→ Information shown
╔══

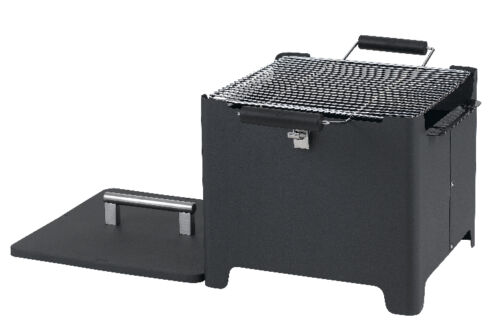 Tepro 1142 Chill/&Grill Holzkohlengrill Cube anthrazit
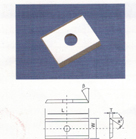 Single machine clip woodworking blade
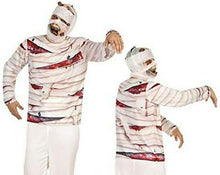 Cargar imagen en el visor de la galería, DISFRAZ CAMISETA MOMIA ADULTO PARA HALLOWEEN CARNAVAL TEATRO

╚══

→ Goal of the exercise
Retype the whole listing. Keep every word exact but include no pictures.

→ Response to the exercise
 Tepro 1142 Chill/&Grill Holzkohlengrill Cube anthrazit
 Single machine clip woodworking blade
 Cargar imagen en el visor de la galería, DISFRAZ CAMISETA MOMIA ADULTO PARA HALLOWEEN CARNAVAL TEATRO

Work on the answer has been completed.